_MATERIAL SUPPLIED:_
= = =

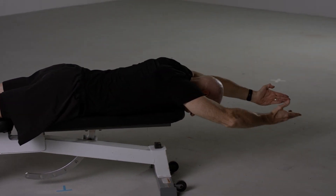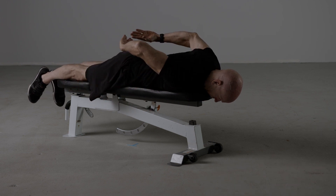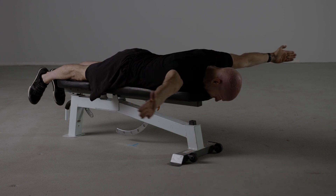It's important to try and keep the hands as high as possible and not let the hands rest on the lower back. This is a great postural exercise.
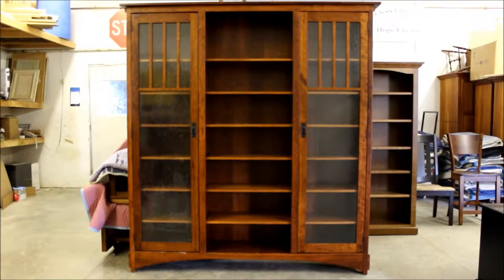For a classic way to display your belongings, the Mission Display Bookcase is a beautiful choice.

= = =

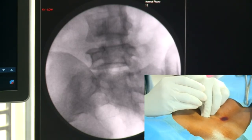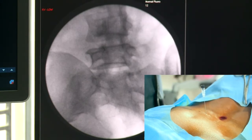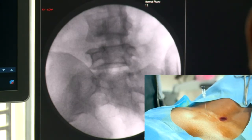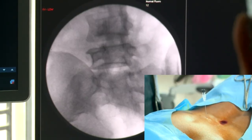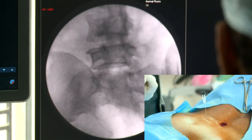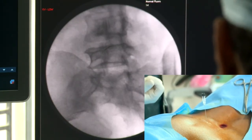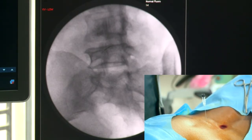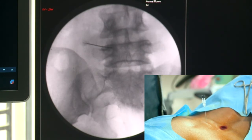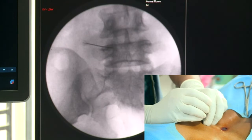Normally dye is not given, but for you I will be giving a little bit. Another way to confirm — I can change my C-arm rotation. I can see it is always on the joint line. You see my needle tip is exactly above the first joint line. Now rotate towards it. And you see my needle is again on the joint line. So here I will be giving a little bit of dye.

= = =

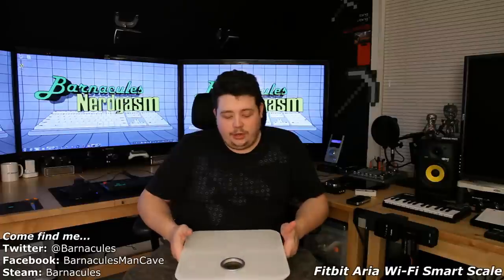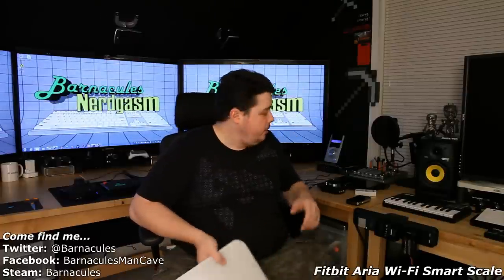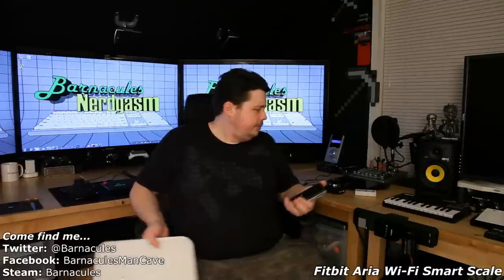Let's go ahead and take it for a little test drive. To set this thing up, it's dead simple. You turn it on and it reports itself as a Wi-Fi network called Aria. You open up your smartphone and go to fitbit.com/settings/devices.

= = =

_WORK INSTRUCTION:_
Using the data above, copy exactly the lines from the one containing "It's important to" to the one containing "For a classic", inclusive. Exclude the pictures.

_WRITTEN RESPONSE:_
It's important to try and keep the hands as high as possible and not let the hands rest on the lower back. This is a great postural exercise.
For a classic way to display your belongings, the Mission Display Bookcase is a beautiful choice.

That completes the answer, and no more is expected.